Phytophthora infestans RXLR effector SFI5 requires association with calmodulin for PTI/MTI suppressing activity.

机构信息

Department of Biochemistry, Centre for Plant Molecular Biology, Eberhard Karls University, Auf der Morgenstelle 32, D-72076, Tübingen, Germany.

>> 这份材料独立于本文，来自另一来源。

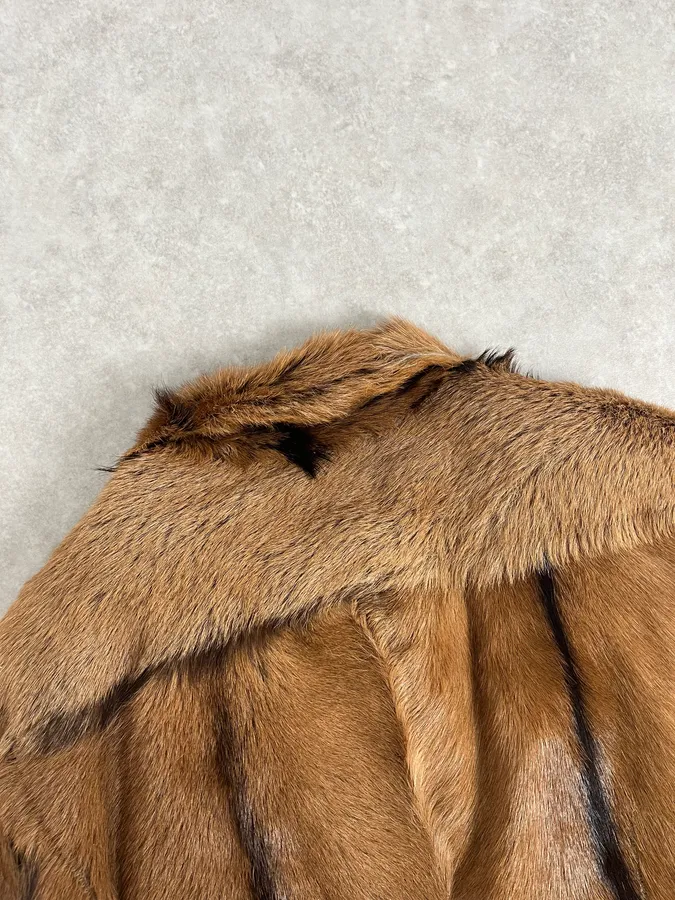 FW2005 Cavalli Goat Fur Camel Leather Jacket - Image 7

Center for Molecular Cell and Systems Biology, College of Life Sciences, Fujian Agriculture and Forestry University, Fuzhou, 350002, China.

出版信息

New Phytol. 2018 Sep;219(4):1433-1446. doi: 10.1111/nph.15250. Epub 2018 Jun 22.

DOI:10.1111/nph.15250

PMID:29932222

原文链接:https://pmc.ncbi.nlm.nih.gov/articles/PMC6099356/

Abstract

Pathogens secrete effector proteins to interfere with plant innate immunity, in which Ca /calmodulin (CaM) signalling plays key roles. Thus far, few effectors have been identified that directly interact with CaM for defence suppression. Here, we report that SFI5, an RXLR effector from Phytophthora infestans, suppresses microbe-associated molecular pattern (MAMP)-triggered immunity (MTI) by interacting with host CaMs. We predicted the CaM-binding site in SFI5 using in silico analysis. The interaction between SFI5 and CaM was tested by both in vitro and in vivo assays. MTI suppression by SFI5 and truncated variants were performed in a tomato protoplast system. We found that both the predicted CaM-binding site and the full-length SFI5 protein interact with CaM in the presence of Ca . MTI responses, such as FRK1 upregulation, reactive oxygen species accumulation, and mitogen-activated protein kinase activation were suppressed by truncated SFI5 proteins containing the C-terminal CaM-binding site but not by those without it. The plasma membrane localization of SFI5 and its ability to enhance infection were also perturbed by loss of the CaM-binding site. We conclude that CaM-binding is required for localization and activity of SFI5. We propose that SFI5 suppresses plant immunity by interfering with immune signalling components after activation by CaMs.

摘要

病原体分泌效应蛋白来干扰植物先天免疫，其中 Ca/钙调蛋白 (CaM) 信号转导起着关键作用。迄今为止，很少有被鉴定的效应子可以直接与 CaM 相互作用以抑制防御。在这里，我们报告了来自马铃薯晚疫病菌的 RXLR 效应子 SFI5 通过与宿主 CaMs 相互作用来抑制微生物相关分子模式 (MAMP) 触发的免疫 (MTI)。我们使用计算机分析预测了 SFI5 中的 CaM 结合位点。通过体外和体内测定测试了 SFI5 和 CaM 之间的相互作用。在番茄原生质体系统中进行了 SFI5 和截短变体对 MTI 的抑制作用。我们发现，在 Ca 存在的情况下，预测的 CaM 结合位点和全长 SFI5 蛋白都与 CaM 相互作用。包含 C 末端 CaM 结合位点的截短 SFI5 蛋白可以抑制 FRK1 的上调、活性氧物质的积累和丝裂原活化蛋白激酶的激活等 MTI 反应，但没有该位点的截短 SFI5 蛋白则不能。SFI5 的质膜定位及其增强感染的能力也因 CaM 结合位点的缺失而受到干扰。我们得出结论，CaM 结合对于 SFI5 的定位和活性是必需的。我们提出，SFI5 通过与 CaM 激活后干扰免疫信号成分来抑制植物免疫。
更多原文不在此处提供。